Try to manage your other risks. Your emergency rental-property fund should be able to spend at least $250/month of unbudgeted maintenance surprises for 6+ months, and a $1000 emergency repair. Ideally you’ll also have at least three months of mortgage payments in savings. This will handle the deadbeat tenant that you have to evict through the courts, or the broken washing machine hose that floods two rooms. These casualties will happen– your only input to the problem is how well you’ve prepared to pay for it. It will also handle the costs of vacancies between tenants and the marketing expenses to find a new tenant.

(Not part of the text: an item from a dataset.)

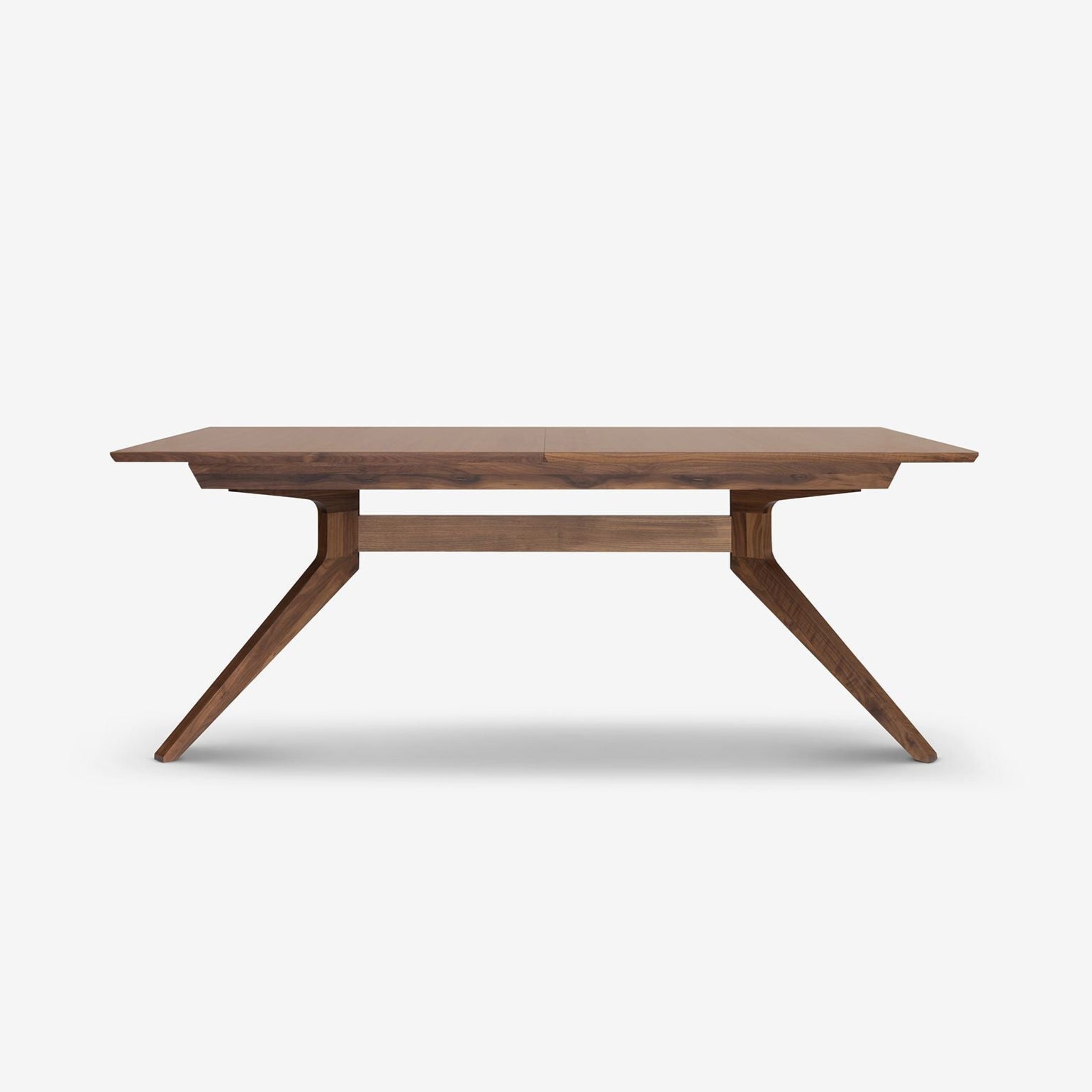 Cross-extending-table-walnut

While you’re a landlord, keep learning. Read all you can about managing the property and about controlling your expenses. Network with other landlords on Internet forums. Track the market rents in your neighborhood. Document your expenses for your tax returns, and ensure you’re properly depreciating the property. Maintain a spreadsheet of your expenses (and taxes on depreciation recapture) for the day that you can sell the property. If you’re in the area, drive by the property (unannounced) before checking in with your property manager. Have a plan for the day when your property manager tells you that you should invest $25K to “update” the house for quality tenants and higher rent.
Finally, have an exit strategy. Some servicemembers still think that they’ll move back to their rental property someday, yet the vast majority of us don’t even return to that area of the country. When you finally do leave the military and choose your place, you might want to sell that far-off rental property to buy another home. When the market recovers and your home rises in value, what’s the minimum price you’ll take for a sale? It’s still worth selling the home at a $10K loss if you’re already losing hundreds of dollars a month in landlord expenses.
Owning a home has many non-financial values. But as long as you’re on active duty, just be sure that you’re ready to handle the hidden financial risks.
If you’re a landlord, what’s your advice? What do you wish you had known before you started, and what would you do differently?
Does this post help?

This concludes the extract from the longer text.